Wechselkurs und Ausblick
Bleibt noch die Frage nach dem Wechselkurs, denn Arbeitsspeicher wird in US-Dollar gehandelt: Gestern war ein Euro zum Handelsschluss 1,0177 US-Dollar wert und notierte damit um 3,56 Prozent schwächer als Mitte Juni. Zieht man den Vorjahreskurs zu Rate, hat der Euro sogar 14,03 Prozent eingebüßt, denn der Krieg in der Ukraine und die Zinserhöhungen in den USA setzen die europäischen Währungen weiterhin unter Druck. Auch auf die weitere Preisentwicklung wird dieser sinnlose Feldzug Wladimir Putins einen wesentlichen Einfluss haben. Wirtschaftssanktionen und explodierende Rohstoffpreise heizen die Inflation an, zugleich verschlechtert sich das Konsumklima durch steigende Zinsen, weshalb die Hersteller nicht beliebig an der Preisschraube drehen können. Am Ende ist Brot wichtiger als ein neuer PC oder ein Smartphone und da ein Brot keine DRAM-Chips benötigt, wird deren Überangebot weiter anwachsen, was fallende Preise bedeutet.

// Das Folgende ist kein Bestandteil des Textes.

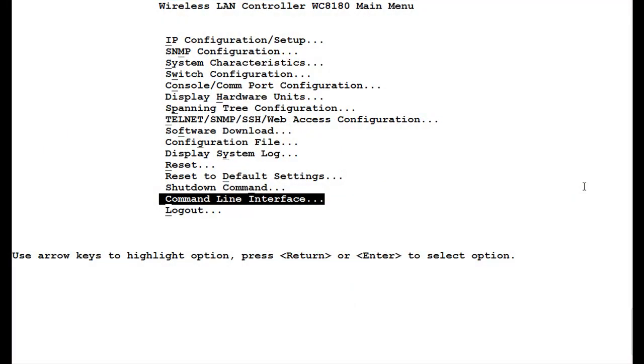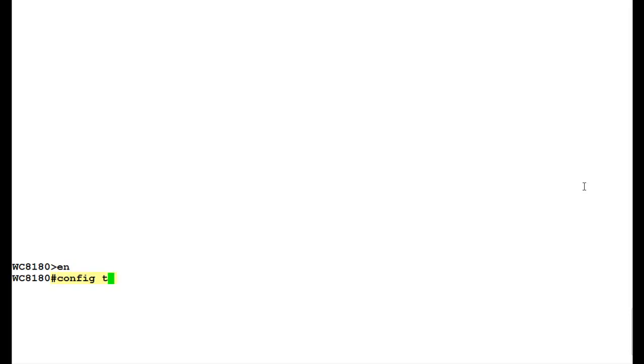Login into the command line interface of the wireless LAN 8100 controller and issue the command EN to get into the privilege mode. Once in privilege mode, issue the command CONFIG T to get into the configuration mode of the controller.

Bezüglich der genannten Preise bitten wir zu beachten, dass hier von einzelnen Chips und keinesfalls von bestückten Modulen die Rede ist. Da diese Chips zunächst verarbeitet und danach verschifft werden, vergehen normalerweise einige Wochen, bevor sich Preisänderungen auch hierzulande bemerkbar machen.